There would appear to be a simple solution to Bennett's playing-time problem: the D-League. An assignment to the NBDL would give Bennett the playing time he needs to get in shape and a chance to rebuild his confidence against lesser competition. Bennett is open to that option.
"I heard it helped out Shabazz [Muhammad] real well," Bennett said, referring to the Timberwolves' rookie who was drafted 14th. "Any way to help, I'm with it."
The Cavaliers, somewhat mysteriously, are not. Brown offered little specifics when asked about a D-League assignment, saying staying up with the Cavaliers will help Bennett "get to know the league." But rival executives believe there is another reason Bennett hasn't been sent down. Bennett would be the highest pick ever sent to the D-League, and there is widespread belief that the Cavaliers view a demotion as an admission of failure.
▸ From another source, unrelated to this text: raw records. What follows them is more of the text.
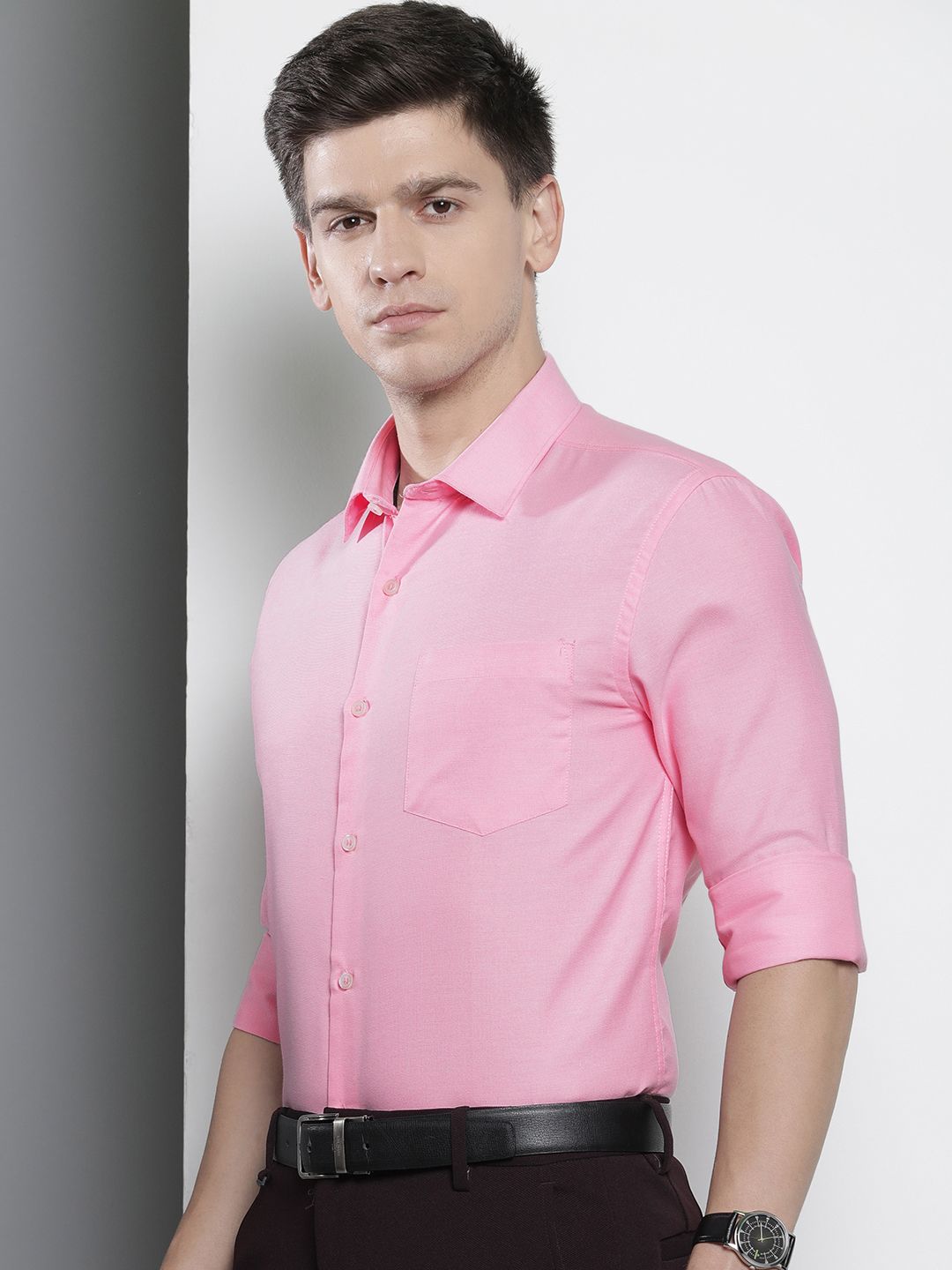 The Indian Garage Co. X Luxe Men Solid Slim Fit Opaque Formal Shirt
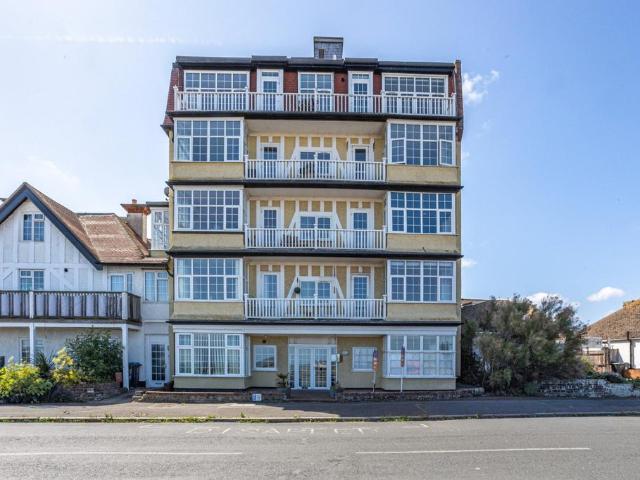 Flat for sale in Palm Bay, Acol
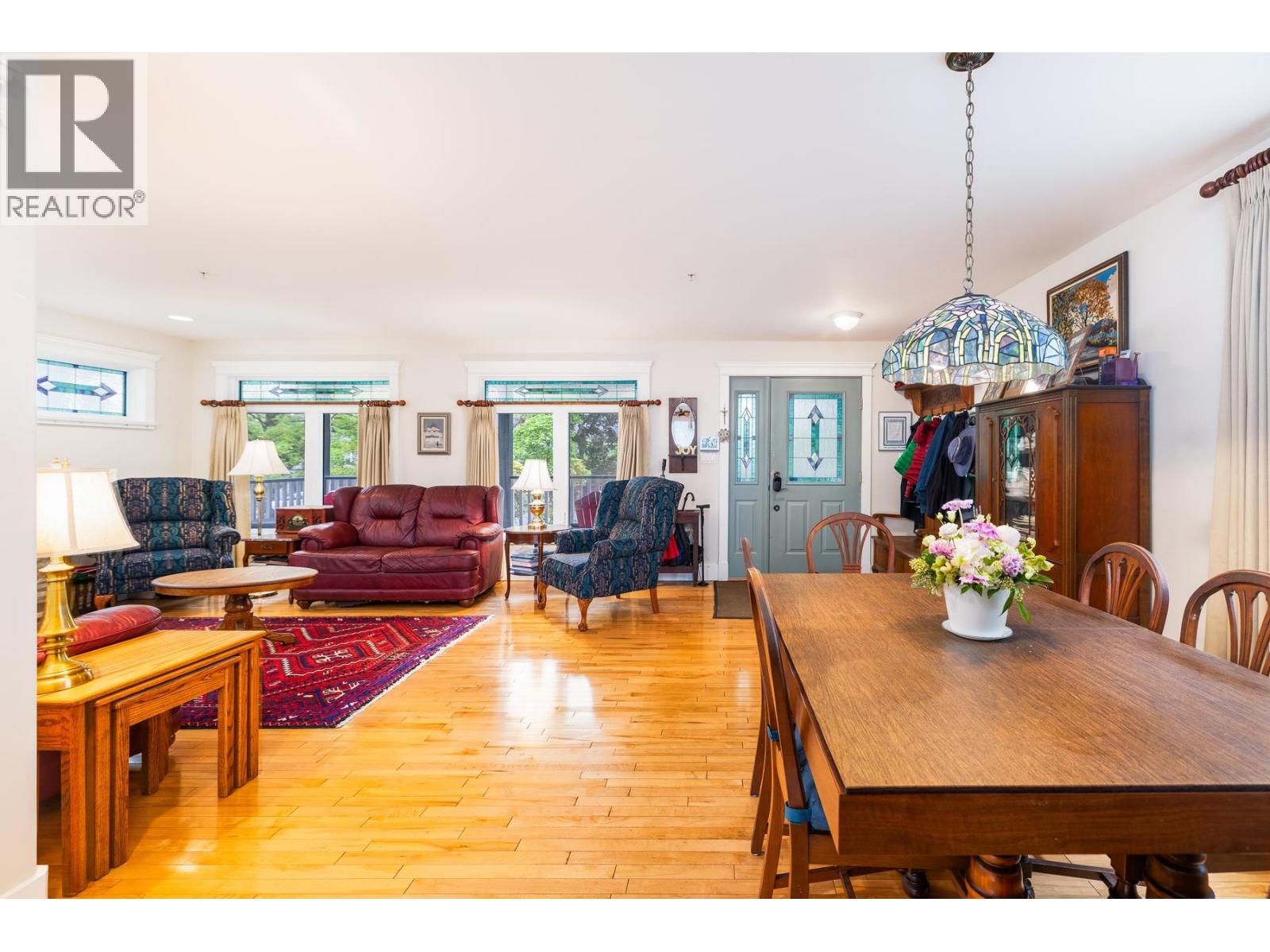 4337 W 15TH AVENUE, Vancouver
The Cavaliers can't afford that. The years since LeBron James left have ended with lottery trips that too often have not yielded results. They landed a franchise player in Kyrie Irving with the first pick in 2011, but missed on an impact player with the fourth pick that year, Tristan Thompson, leaving Jonas Valanciunas and Klay Thompson on the board. They pulled another surprise with the fourth pick the next year, taking Dion Waiters, who this season has been on the trade block. And they drafted Bennett and Sergey Karasev (No. 19) last June, two players who have had virtually no impact.
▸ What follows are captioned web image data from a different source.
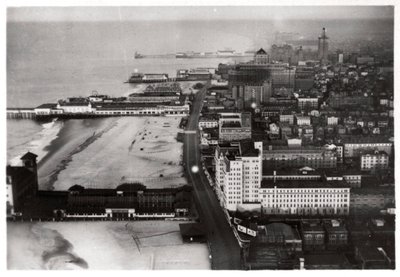 Vista aerea di Atlantic City, New Jersey, USA, da un dirigibile, 1930-1933 da Unbekannt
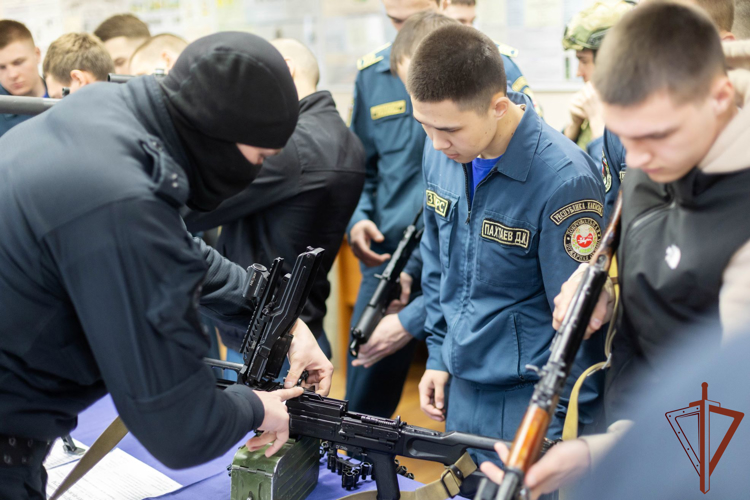 Росгвардейцы провели патриотические встречи со школьниками и студентами Сибири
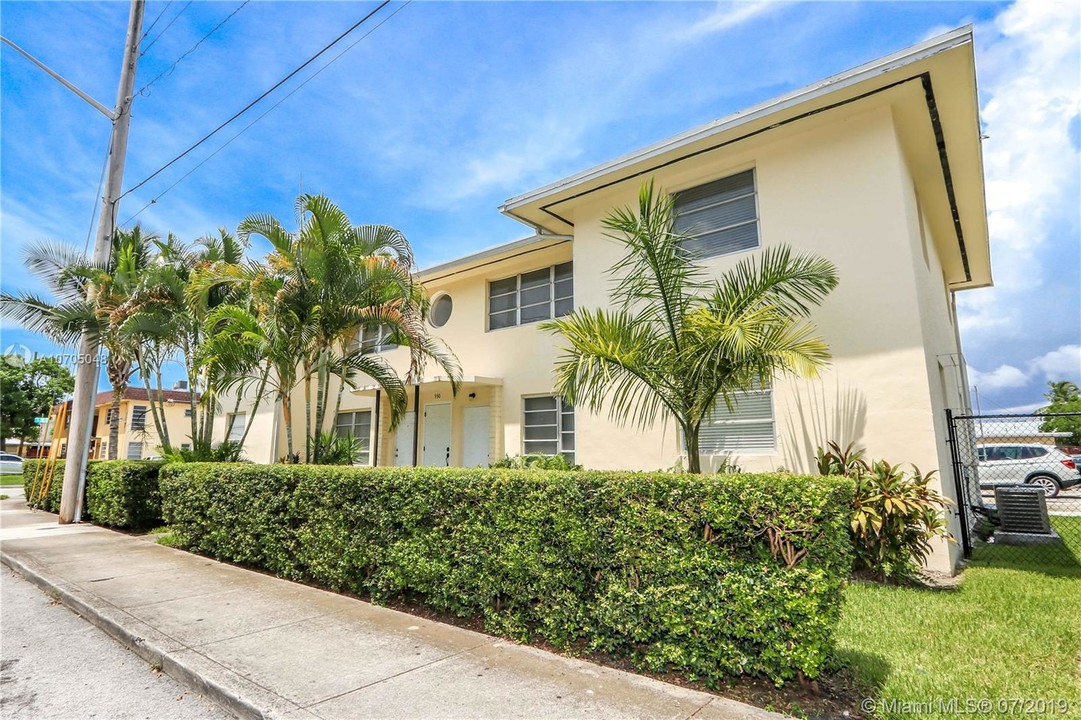 930 SW 24th Ct-Unit -C in Miami, FL - Building Photo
Changes could be a coming after another lost season, and everyone in Cleveland knows it. Owner Dan Gilbert stood in Times Square last May and declared it the Cavaliers' last lottery for a while. But an embarrassing 117-86, nationally televised loss to the Knicks on Thursday dropped the Cavaliers to 16-30 and has them headed right back for it. It seems doubtful Gilbert would give Grant another crack at a high draft pick, and a new GM may not want Brown as his coach. As Bennett fights to stave off comparisons to Michael Olowokandi and Kwame Brown, the organization needs him to produce, now more than ever.